Location: Meat Safety & Quality ResearchTitle: Prevalence of lactose fermenting coliforms resistant to third generation cephalosporins in cattle feedlot throughout a production cycle and molecular characterization of resistant isolates Author
Submitted to: International Association for Food Protection Proceedings
Publication Type: Abstract Only
Publication Acceptance Date: 3/6/2012
Publication Date: 7/1/2012
Citation: Schmidt, J.W., Kuehn, L.A., Griffin, D., Harhay, D.M. 2012. Prevalence of lactose fermenting coliforms resistant to third generation cephalosporins in cattle feedlot throughout a production cycle and molecular characterization of resistant isolates [abstract]. International Association for Food Protection. p. 148-149. Abstract No. P2-95.

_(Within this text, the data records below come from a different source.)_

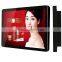 21.5" OEM Wifi Android Bus TV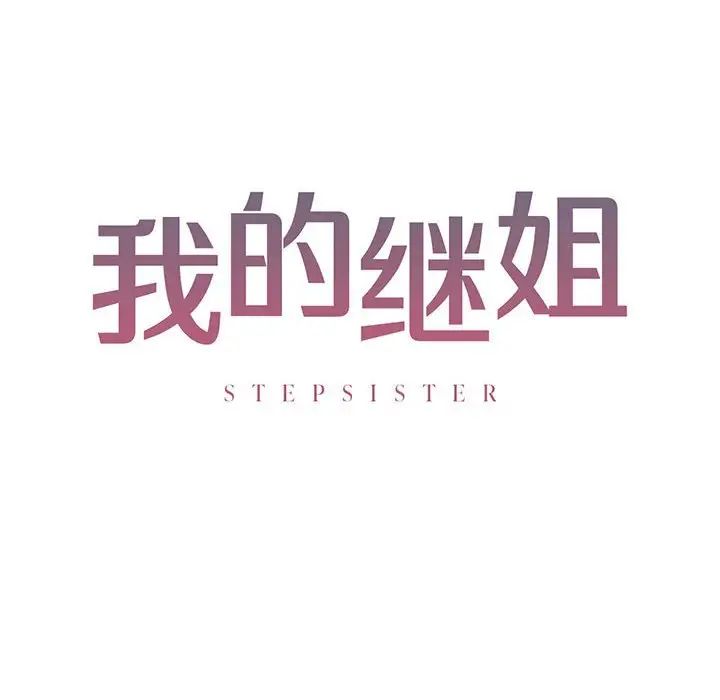 《我的继姐》漫画最新章节第11话免费下拉式在线观看章节第【10】张图片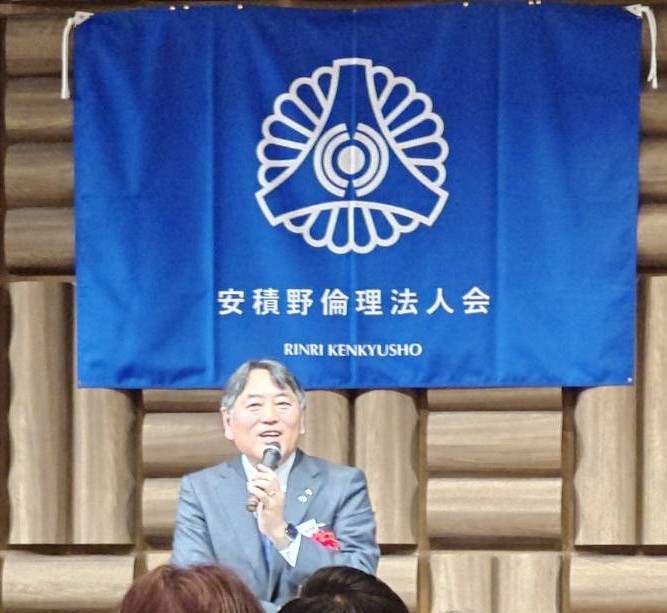 倫理経営講演会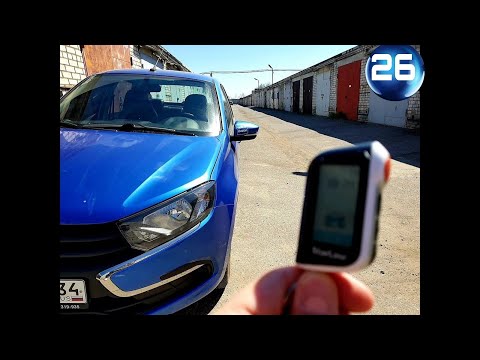 Видео: Starline a93| Полезные функции. Настройки автозапуска, блок кнопок,сервисный режим,установка времени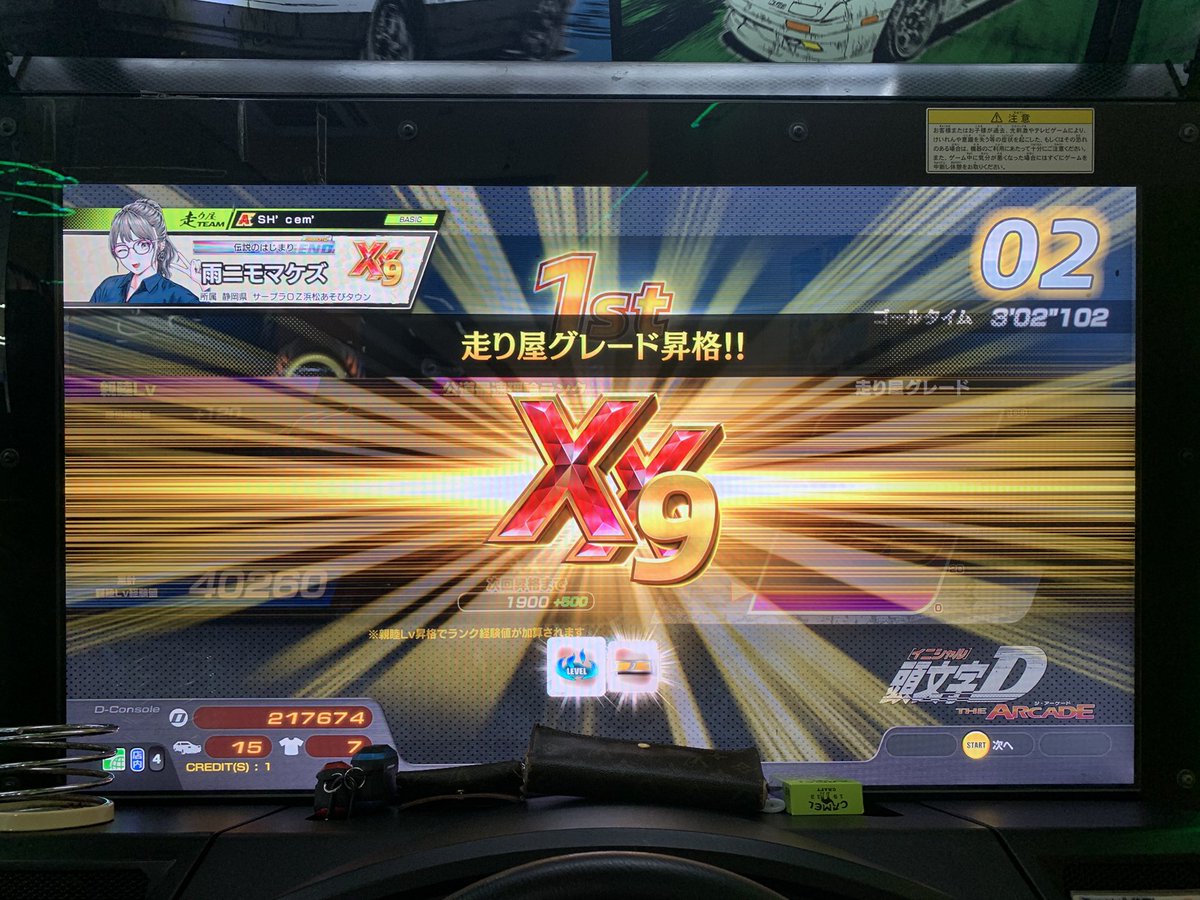 のせ SH'cem' tweet media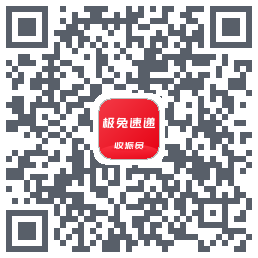 外场Pro QRcode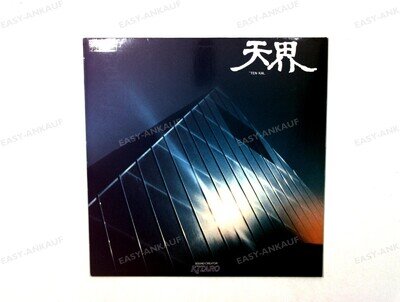 Kitaro - Ten Kai GER LP 1978 '*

Technical Abstract: Introduction: Increases in incidence of human infections caused by Enterobacteriaceae resistant to 3rd generation cephalosporins (3GC) have become a public health concern. The 3GC ceftiofur is commonly used for the therapeutic treatment of feedlot cattle but the impact this practice has on public health is not clear. Purpose: To determine the prevalence of lactose fermenting coliforms resistant to the 3GC cefotaxime (Lac+ CTX) in feces and on hides of feedlot cattle throughout a production cycle and molecularly characterize the resistant isolates. Methods: Fecal samples (n = 1,446) and hide samples (n = 1,446) were taken on six occasions over the 10-month period which the study population of cattle (n = 763) resided at the feedlot. Samples were plated onto MacConkey agar supplemented with 4 mg/L cefotaxime to isolate Lac+ CTX. Prevalences were evaluated by chi-square with Bonferroni’s correction for multiple comparisons and comparisons with P values < 0.01 were considered significant. Molecular characterization included plasmid Inc group identification, plasmid size analysis, PCR for presence of blaCMY-2 gene, and pulsed field gel electrophoresis (PFGE) sub-typing. Results: The fecal Lac+ CTX prevalence of 27.8% during the period of frequent ceftiofur use was higher than the 4.3% prevalence when cattle arrived at the feedlot and the 1.1% to 9.4% prevalences during periods of infrequent ceftiofur use at the feedlot. The 15.5% hide Lac+ CTX prevalence when cattle arrived at the feedlot was not different from the 13.9% prevalence during the period of frequent ceftiofur use and the 1.9 to 19.3% prevalences during periods of infrequent use. Molecular analysis of 383 resistant isolates revealed that the resistance plasmid conferring 3GC resistance, as well as resistance to other antibiotic classes, integrated into the chromosome of the most frequently isolated Lac+ CTX strain. Significance: Lac+ CTX proportion of the total Lac+ coliform feedlot population increases during periods of frequent ceftiofur use but returns to baseline levels when ceftiofur is not used. Molecular analysis of resistant isolates revealed that the plasmid conferring resistance to 3GC integrates into the chromosome, which may contribute to maintenance of 3GC resistance in the absence of selective pressure (ceftiofur use).